● Task prompt: Set down the data again word for word. Skip any pictures.

● Data segment:
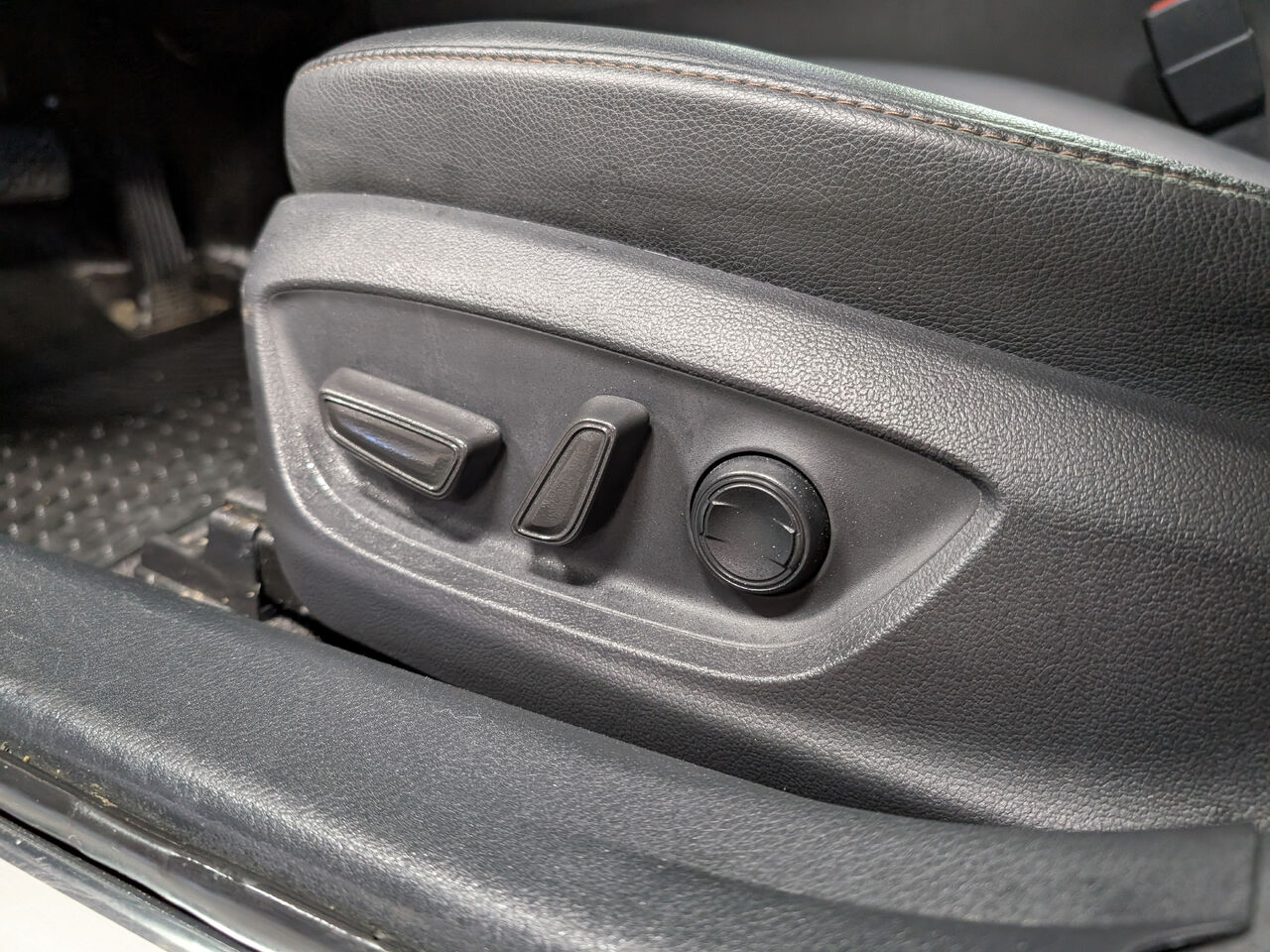 2018 Toyota Camry Hybride - Image 11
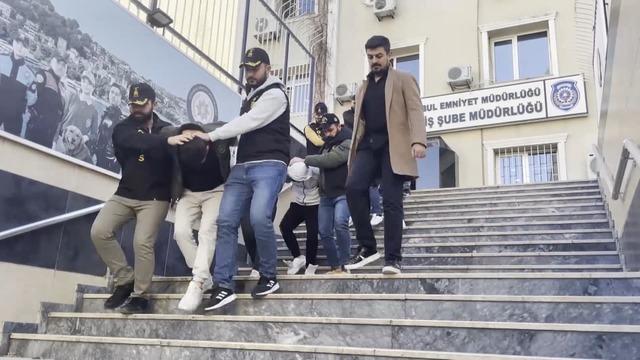 Masaj salonuna fuhuş baskını! Operasyonda yakalandı, kimliği şaşkına çevirdi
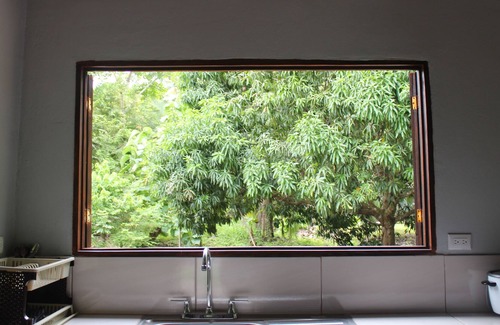 Cabuya Casa | Beautiful Rustic Tree Spirit House in Cabuya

● Expected answer:
 2018 Toyota Camry Hybride - Image 11
 Masaj salonuna fuhuş baskını! Operasyonda yakalandı, kimliği şaşkına çevirdi
 Cabuya Casa | Beautiful Rustic Tree Spirit House in Cabuya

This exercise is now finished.